Scott Anthony Barlow 08:55
For all the things that you want to do, yeah, don't do that.

James Sannan 08:57
Yeah. Stick with what you know. You're gonna do great with what you know. And I needed somebody to tell me, "No, you can do this. Right? You can make this jump. This is how to do it." And so I think I had a lot of learning opportunities when I was working through your team to understand, you know, what my network wasn't telling me. This is how you, you know, you kind of make those incremental steps.

Scott Anthony Barlow 09:24
Well, here's what I'm curious about, then, you know. If we fast forward to the end, it turns out well, for you, you ended up getting an opportunity that, sounds like when we were chatting just a little bit before we hit the record button here, it sounds like it's hitting on some of those growth pieces that you need, which is amazing. But what I'm curious about is, as you think back to the process of making this change, and what you were struggling with initially versus what actually happened in the end, what would you say were some of the hardest portions of it or hardest parts for you to make the change?

James Sannan 10:05
The biggest challenges I had was trying to, well, twofold. I'm gonna say, one, is having to deal with failure. I'm not good at dealing with failure. And a good example would be, you know, I work with Amazon. But it wasn't the first interview I had with them, I think I had two other interviews previously with them. And I did not make it through those rounds. And so I think a lot of people, when they don't make it through the rounds of a company will say, "The company doesn't want me, I don't want them, you know, we're just not a good match. Let's move on. And let me look somewhere else."

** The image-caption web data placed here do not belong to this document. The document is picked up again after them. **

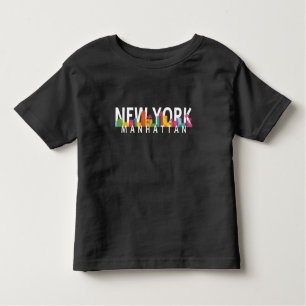 New York Manhattan Skyline mit Palmen Kleinkind T-shirt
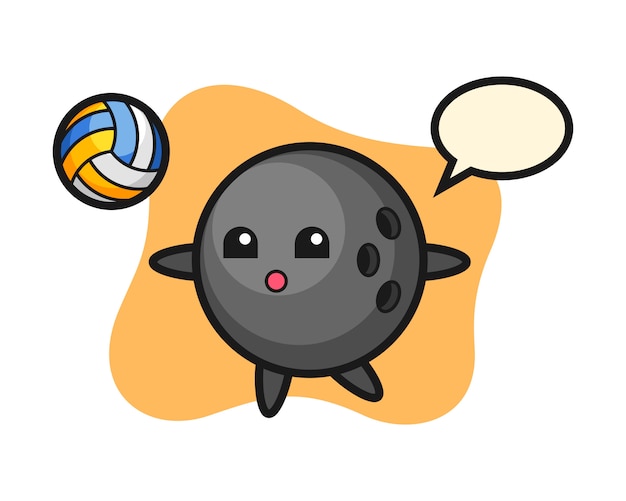 Download Free Bowling Ball Cartoon Is Playing Volleyball Premium Vector Use our free logo maker to create a logo and build your brand. Put your logo on business cards, promotional products, or your website for brand visibility.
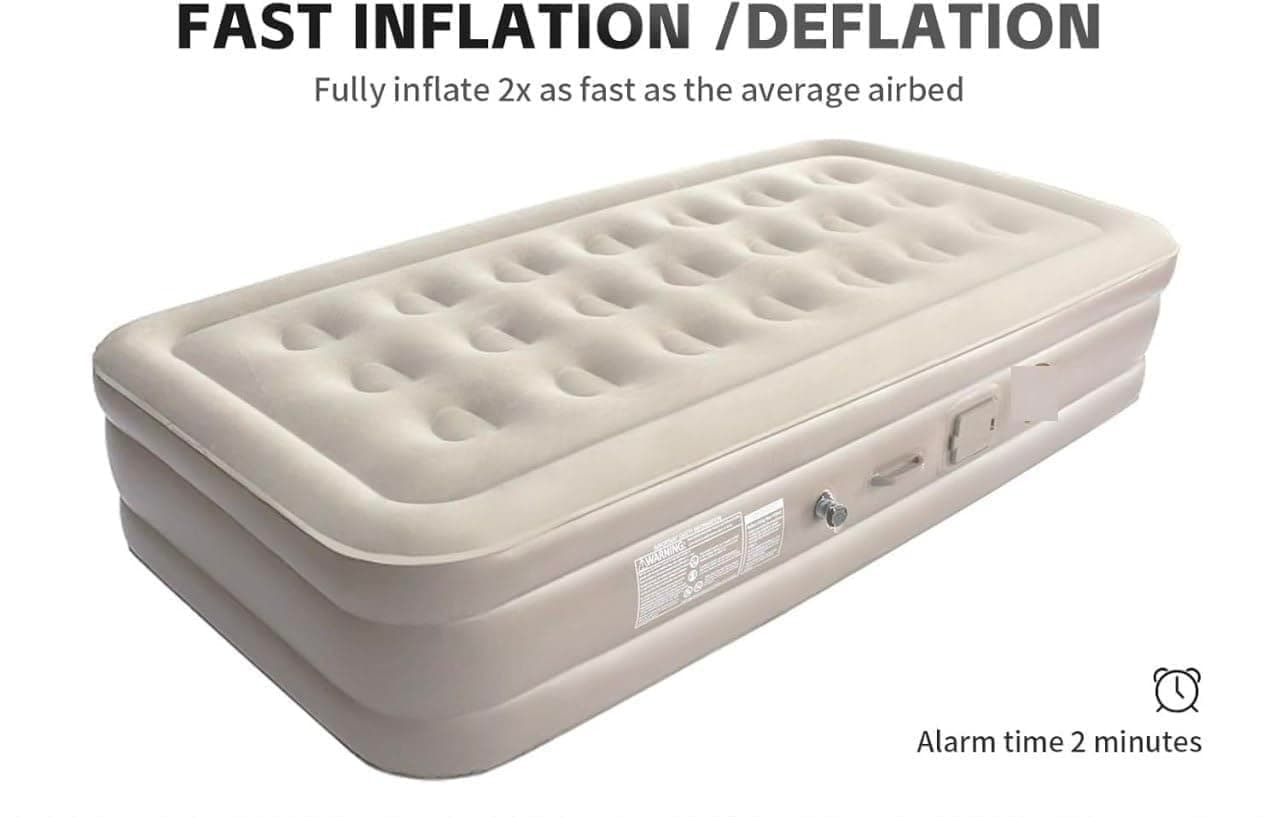 Single Inflatable Air Mattress with Built-in Electric Pump, Double Height Portable Air Bed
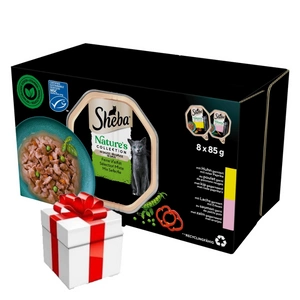 Sheba Nature's Collection s kuřecím masem na paprikách a lososem s hráškem v omáčce 8 x 85 g + překvapení pro kočku ZDARMA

Scott Anthony Barlow 10:44
It's not for me. Peace, I'm out.

James Sannan 10:46
I knew I really want to work for Amazon. And so I didn't have that mindset. But at the same time, I felt incredibly rejected every time I didn't make it through. And so in some ways, I think that was the hardest to basically be rejected, but then to try to internally make yourself better, and then try again. So be rejected, but then just be persevering, and keep trying again, and again, and again, and don't basically give up just because you're being rejected. You use that as an opportunity to make yourself better. So I think that was one challenge I had to overcome. And it definitely impacted me at the heart, just feeling rejected again and again, again. And you know, honestly, it wasn't just the interviews I was being rejected from. Sometimes I'd apply for a role I would think I was really good for, and then I would never be called for an interview, that was rejection in itself. So even though that individual never met me, I still felt rejected. So there's a lot of, I think, rejection.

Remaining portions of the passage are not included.